The Times-Picayune

by CHRIS WADDINGTON

by CHRIS WADDINGTON

String quartets are cool, and two recent Friends of Music concerts prove it

Memo to the volunteers who run New Orleans Friends of Music: Please send big wet kisses to the Jupiter String Quartet, which recently toured here under your auspices. While you are at it, send more kisses to the Ariel String Quartet which played at the University of New Orleans on Nov. 8.

Ariel String Quartet.

Both groups made it clear that powdered wigs and lace cuffs are no longer part of the quartet repertoire — and their athletic performances should help the Friends sell tickets in early 2012. That’s when the presenting group hosts a trio of astounding string quartets: Pacifica (Jan. 25), St. Lawrence (Feb. 15) and Ebene (March 14).

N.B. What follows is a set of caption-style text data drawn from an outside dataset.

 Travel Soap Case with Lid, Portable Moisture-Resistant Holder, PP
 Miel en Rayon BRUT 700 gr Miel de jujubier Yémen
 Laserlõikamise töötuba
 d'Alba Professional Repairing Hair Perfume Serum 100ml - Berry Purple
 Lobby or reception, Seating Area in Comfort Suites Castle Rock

For details about the upcoming shows call 504.895.0690.

Now, do I have to decide whether Ariel was “better” than Jupiter?

If the gold medal goes to the group that made me jump up and down in my seat, Ariel wins handily. If the prize goes for balanced elegance, I’d have to hand top honors to Jupiter.

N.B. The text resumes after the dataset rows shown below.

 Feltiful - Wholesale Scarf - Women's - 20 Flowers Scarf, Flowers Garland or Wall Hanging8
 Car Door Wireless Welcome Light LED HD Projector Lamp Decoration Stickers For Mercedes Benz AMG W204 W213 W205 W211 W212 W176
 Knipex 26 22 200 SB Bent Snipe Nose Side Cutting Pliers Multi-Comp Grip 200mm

Ariel spanned three centuries with a program of works by Mozart, Janacek and Brahms, but never sounded like archivists. With each piece, they stretched the musical fabric, seeking opportunities to unleash dance rhythms, vaulting dynamic shift, and dramatic stops and starts. And they wrapped everything in a big burnished string sound of near-orchestral richness.

Lee TalnerThe Jupiter String Quartet playing an outreach concert in Seattle.

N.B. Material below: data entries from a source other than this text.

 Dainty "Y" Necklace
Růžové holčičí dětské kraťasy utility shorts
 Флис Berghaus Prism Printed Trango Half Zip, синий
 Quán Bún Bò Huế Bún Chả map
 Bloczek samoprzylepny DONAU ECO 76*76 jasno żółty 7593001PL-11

Jupiter played works by Beethoven, Prokofiev and Mendelssohn — and I was especially glad to hear the Russian’s 1942 composition, a folk-drenched work full of bracing harmonies, and ecstatic, close-to-the-bridge keening.

Still, I found myself wondering what it would have sounded like on the Ariel program. Jupiter was a trifle stiff in this repertoire, dutifully squaring off corners in a composition that ought to be played with gypsy abandon.

Such problems faded after intermission, however, as the group found its mojo with a surging, triumphant account of Mendelssohn’s “Quartet in D Major, Op. 44, No. 1.” Cellist Daniel McDonough drove the band with his full bodied, muscular playing, but never let them fall into expressive exaggerations. Instead, he helped them to a different kind of mountaintop, one which opened vistas on the glorious, romantic logic of a score that mixed weeping violins and passages of Bach-like counterpoint.